What is the point of a commitment ceremony?
There's all types of reasons really. Some don't feel its fair that people though straight people can marry and, other people can't. (1) Some of don't like the thought of the state being in their business.(2) And then there's the folks who tried you traditional state bound marriage and it didn't work out for them.(3)
Theres lots of straight people who have them for a variety of reasons.
Some can be extremly extravagant church ceremonies, some can be a simple backyard gathering for friends and loved ones.(4)
So even though they can cost just as much as a traditional state bound marriage can but if the two who are making the comment to each other and God feel this is what they want and how they want to do it, there's nothing wrong with that fact.(5)
Is it different? Sure it is! However, I don't see the two involved as being any less committed because they don't have a piece of paper on file with a state somewhere.(6)
-A
I just wanted to add another perspective on the points made in the above post.
(1) Personally, I have always found this answer against marriage licenses as bogus. The government does not have the power to dictate who can be together and who cannot. Free citizens can do as they please under the law.

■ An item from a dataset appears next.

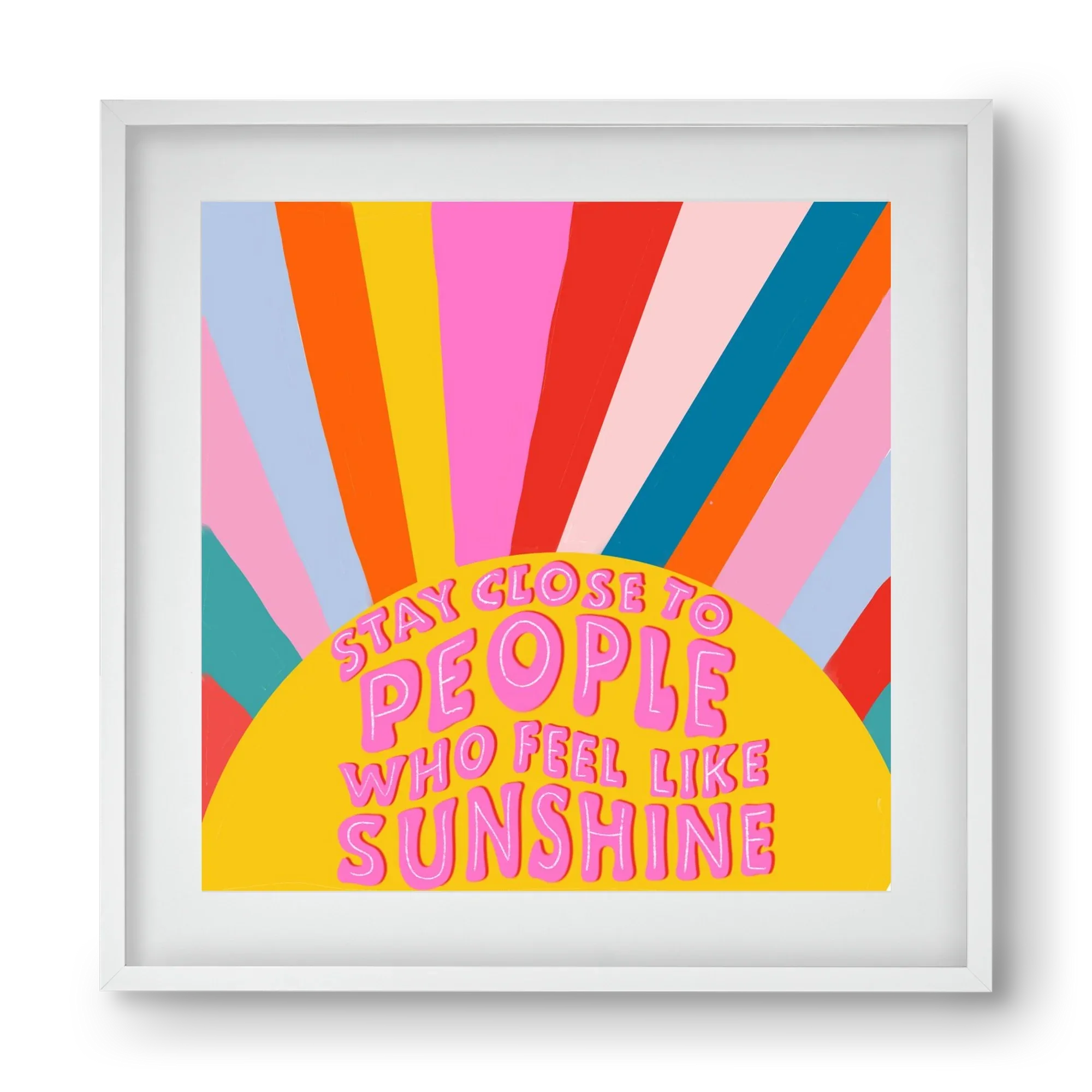 Stay Close To People Who Feel Like Sunshine - artbridge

The government can only DEFINE what "marriage" is. Those unions not meeting its definition are still able to unite under another term.
(2) This answer strikes me as coming from the chronically paranoid, maybe the illogical,
(or mentally ill) , as it is HIGHLY improbable to keep the government out of one's business or stay off of the grid AND lead an ordinary life. If someone owns a house, has a bank account, or rents a room, Uncle Sam knows about it.
(3) I've gotta say it: BOGUS!
If a "traditional" marriage didn't work out, it's unlikely that the cause of that was having it publicly and/or legally recognized. I have only personally heard this excuse used by those who wanted the benefits of a relationship without having to GIVE ANYTHING UP. They use the "non-traditional" route now as a way of avoiding responsibility and, thereby, liability.
(4) And if one is willing to go to all this trouble, why is legal recognition unacceptable?
(5) Actually...there is something wrong with it. Adequate has done a "more than adequate" (no pun intended
) job of explaining it already, so I won't rehash. The point is this: if money is not an issue, and shame is not an issue, and backing out/reneging is not an issue, and you will be surrounded by those who will keep you loyal to your commitment by their witness, and "it's no big deal because it's just a piece of paper" then why is it so important NOT to be legally recognized?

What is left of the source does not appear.